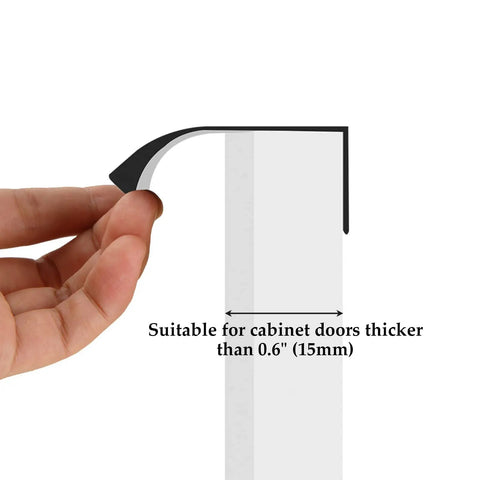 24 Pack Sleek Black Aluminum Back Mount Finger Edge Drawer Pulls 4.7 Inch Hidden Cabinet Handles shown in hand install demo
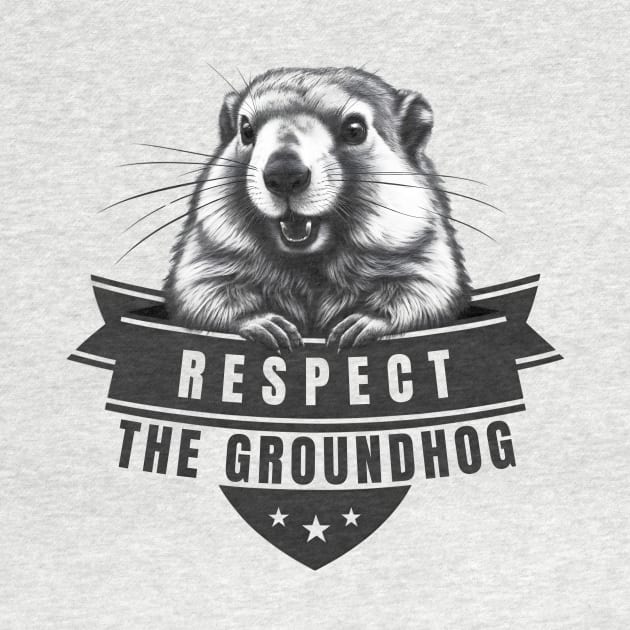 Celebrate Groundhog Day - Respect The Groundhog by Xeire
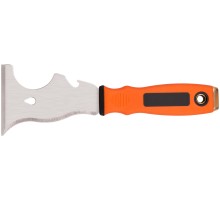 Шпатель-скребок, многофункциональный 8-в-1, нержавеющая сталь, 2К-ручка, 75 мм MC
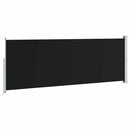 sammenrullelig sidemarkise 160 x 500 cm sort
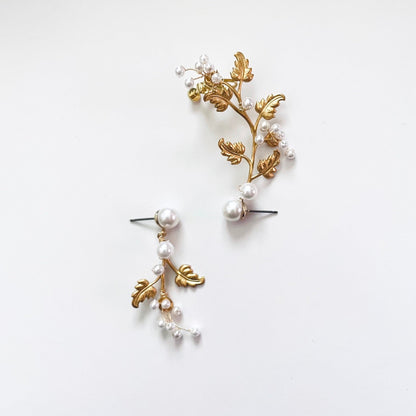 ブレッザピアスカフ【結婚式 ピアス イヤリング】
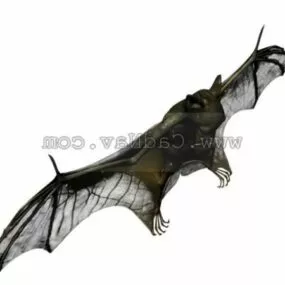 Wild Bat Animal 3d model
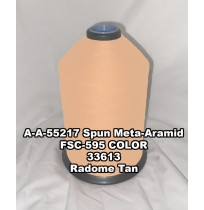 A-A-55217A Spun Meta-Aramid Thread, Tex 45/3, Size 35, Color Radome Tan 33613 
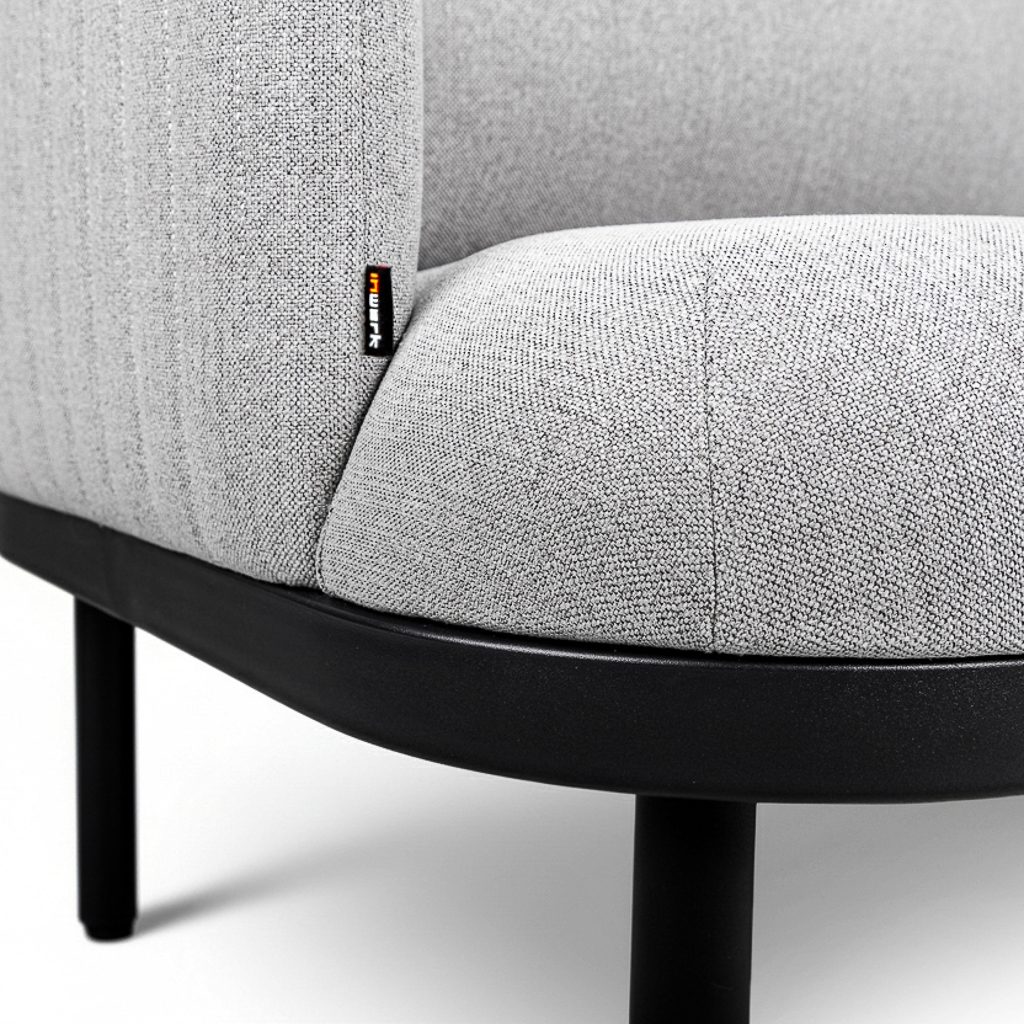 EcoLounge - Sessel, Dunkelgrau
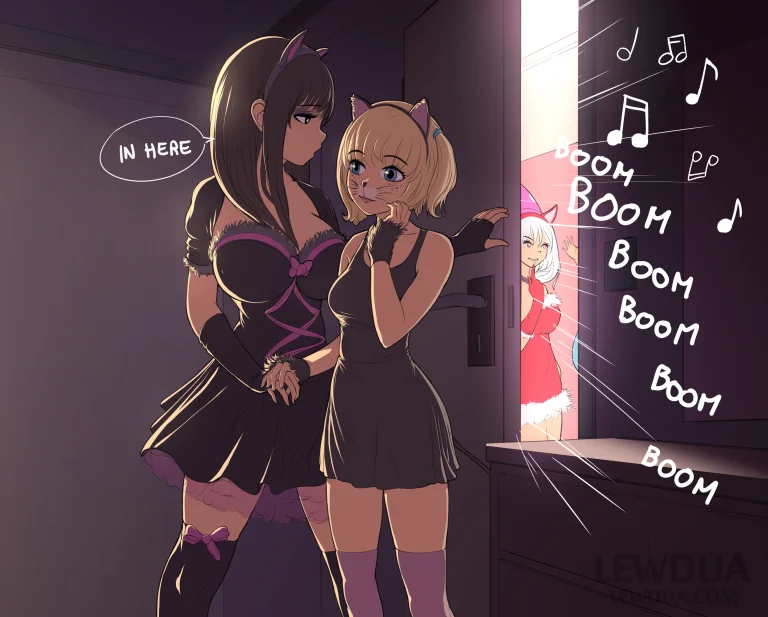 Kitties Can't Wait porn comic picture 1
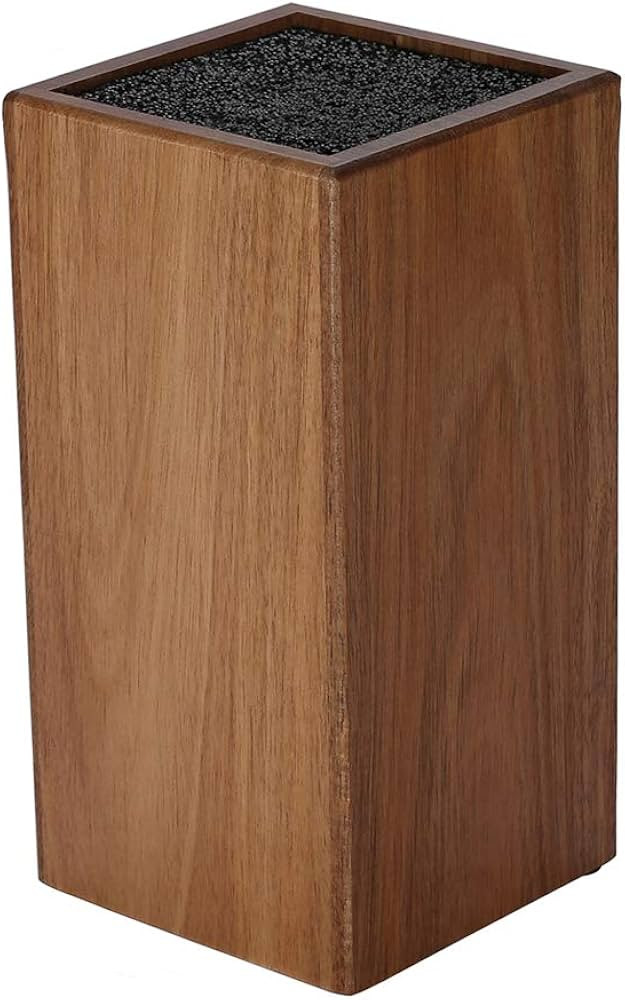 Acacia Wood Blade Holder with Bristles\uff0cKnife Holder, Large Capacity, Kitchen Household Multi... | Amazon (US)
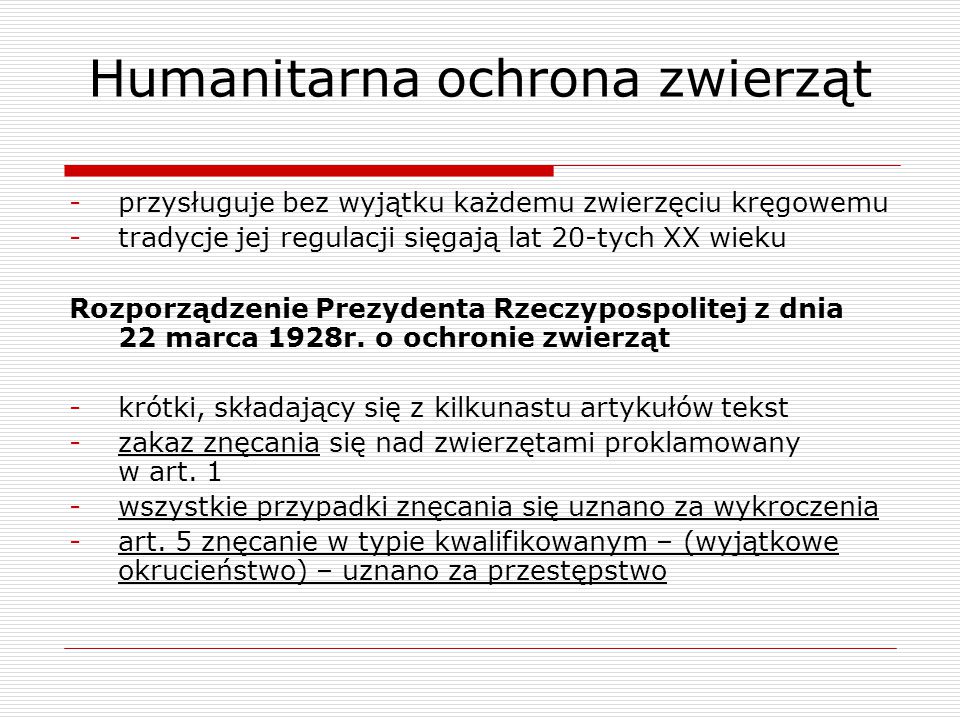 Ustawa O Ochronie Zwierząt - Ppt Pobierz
============================================================
ACTIVITY
Copy the listing above verbatim; the pictures it contains are to stay out.

ANSWER SECTION
 24 Pack Sleek Black Aluminum Back Mount Finger Edge Drawer Pulls 4.7 Inch Hidden Cabinet Handles shown in hand install demo
 Celebrate Groundhog Day - Respect The Groundhog by Xeire
 Шпатель-скребок, многофункциональный 8-в-1, нержавеющая сталь, 2К-ручка, 75 мм MC
 sammenrullelig sidemarkise 160 x 500 cm sort
 ブレッザピアスカフ【結婚式 ピアス イヤリング】
 Wild Bat Animal 3d model
 A-A-55217A Spun Meta-Aramid Thread, Tex 45/3, Size 35, Color Radome Tan 33613 
 EcoLounge - Sessel, Dunkelgrau
 Kitties Can't Wait porn comic picture 1
 Acacia Wood Blade Holder with Bristles\uff0cKnife Holder, Large Capacity, Kitchen Household Multi... | Amazon (US)
 Ustawa O Ochronie Zwierząt - Ppt Pobierz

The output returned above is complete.